Cricothyroidotomy: Median cricothyroid ligament - Thickened anterior portion of the cricothyroid membrane - runs between cricoid and thyroid cartilate
Tracheostomy: from 2nd-5th tracheal rings
How is jet insufflation of O2 performed, and what is the main precaution to be considered?

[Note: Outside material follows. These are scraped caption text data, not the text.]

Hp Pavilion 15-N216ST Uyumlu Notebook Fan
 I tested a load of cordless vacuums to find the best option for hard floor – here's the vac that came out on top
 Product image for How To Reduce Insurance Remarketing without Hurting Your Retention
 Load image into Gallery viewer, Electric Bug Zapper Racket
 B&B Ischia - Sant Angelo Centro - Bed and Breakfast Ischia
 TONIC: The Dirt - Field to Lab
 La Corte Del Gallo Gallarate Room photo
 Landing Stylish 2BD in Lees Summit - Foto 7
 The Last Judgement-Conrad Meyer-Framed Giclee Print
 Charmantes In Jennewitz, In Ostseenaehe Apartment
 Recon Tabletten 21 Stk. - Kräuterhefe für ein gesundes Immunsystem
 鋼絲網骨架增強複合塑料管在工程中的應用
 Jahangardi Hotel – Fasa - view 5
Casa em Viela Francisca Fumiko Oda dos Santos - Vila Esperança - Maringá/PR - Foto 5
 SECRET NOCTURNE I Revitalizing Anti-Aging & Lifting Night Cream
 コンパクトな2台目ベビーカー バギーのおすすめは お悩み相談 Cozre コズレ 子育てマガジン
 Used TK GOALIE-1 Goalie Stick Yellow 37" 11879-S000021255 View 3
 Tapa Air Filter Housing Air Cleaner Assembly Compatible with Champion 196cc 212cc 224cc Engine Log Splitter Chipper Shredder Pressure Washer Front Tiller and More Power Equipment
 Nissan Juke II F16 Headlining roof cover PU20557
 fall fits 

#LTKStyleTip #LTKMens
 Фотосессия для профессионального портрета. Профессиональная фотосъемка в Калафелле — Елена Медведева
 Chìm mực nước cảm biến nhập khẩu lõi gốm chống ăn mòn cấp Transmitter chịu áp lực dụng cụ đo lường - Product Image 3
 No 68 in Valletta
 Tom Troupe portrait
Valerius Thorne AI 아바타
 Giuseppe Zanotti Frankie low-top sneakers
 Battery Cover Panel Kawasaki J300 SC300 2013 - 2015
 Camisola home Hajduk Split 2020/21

Needle passed into airway through median cricothyroid ligament
Connected to source of O2 via tracheal tube connector
Oxygenate but poorly ventilated -> progressive hypercarbia
Limitted to <45mins
Need to obtain definitive airway
How can you assess respiratory function?
Non-invasive:
- Peak expiratory flow rate (PEFR): bedside measure of airway resistance and resp muscle function
- Pulse oximetry: arterial oxygen saturation (SaO2) and HR
- Capnography: end-tidal CO2
- Pulmonary function tests:
- Spirometry - lung volumes e.g. Functional expiratory volume in 1 second (FEV1), functional vital capacity (FVC), FEV1/FVC (normally >80%), Total lung capacity (TLC), Residual volume (RV)
Invasive:
Which investigations can be used to assess cardiovascular function?
Non-invasive:
- Pulse: clinical assessment of rate, rhythm e.g. radial artery, volume, character e.g. carotid artery
- Non invasive BP: sphygmomanometer
- Electrocardiograph (ECG) - rate, rhythm, intervals, axis, waveform
- Transthoracic echocardiography (TTE): systolic function, cardiac filling, valve function, morphology, blood flow
- Radiology: plain chest radiograph (cardiothoracic ratio), CT, MRI
- Clinical: GCS (cerebral perfusion), CRT, urine output
Invasive:
- Intra-arterial BP: e.g. radial arterial line - continuous arterial waveform and beat to beat variations
- Central venous catheter: e.g. internal jugular vein -> Central Venous Pressure
- Pulmonary artery flotation catheter: direct and derived left heart function e.g. cardial output + systemic and pulmonary vascular resistance e.g. pulmonary artery capillary wedge pressure, oxygen delivery, SaO2 and demant
- Transoesophageal echocaridiography (TOE): more detailed picture than transthoracic echo
- Cardiac catheterisation and coronary angiography: gold standard diagnostic procedure re structure and function of heart
- Invasive assessment of cardiac index and peripheral organ perfusion:
- ABG - acidosis and base excess assoc with anaerobic metabolism
- Biochem e.g. serum lactate
Define the blood pressure
BP = CO x SVT
Blood pressure = cardiac output x systemic vascular resistance
CO = HR x SV
Cardiac output = heart rate x stroke volume = 5-6L/min
How can blood pressure be monitored?
Non-invasively e.g. sphygmomanometer
Invasively - direct cannulation of a peripheral artery e.g. invasive arterial blood pressure -> continuous waveform trace after attachement to electronic pressure transducer
How does invasive monitoring compare to non-invasive monitoring?
Invasive blood pressure monitoring e..g radial lines measure SBP/DBP 5/8mmHg higher/lower than non-invasive BP measurement techniques
Advantages:
- Continuous - does not need repeated nurse measurements
- Accurate - even when profoundly hypotensive
- Other - indications re myocardial contractility can be determined from arterial swind of trace
Disadvantages:
- Complications - invasive procedure in artery under high pressure
- Skilled: requires technical skill & fell ASNTT
- Expensive
Draw the BP waveform
The dicrotic notch is a momentary rise in the arterial pressure
trace following closure of the aortic valve.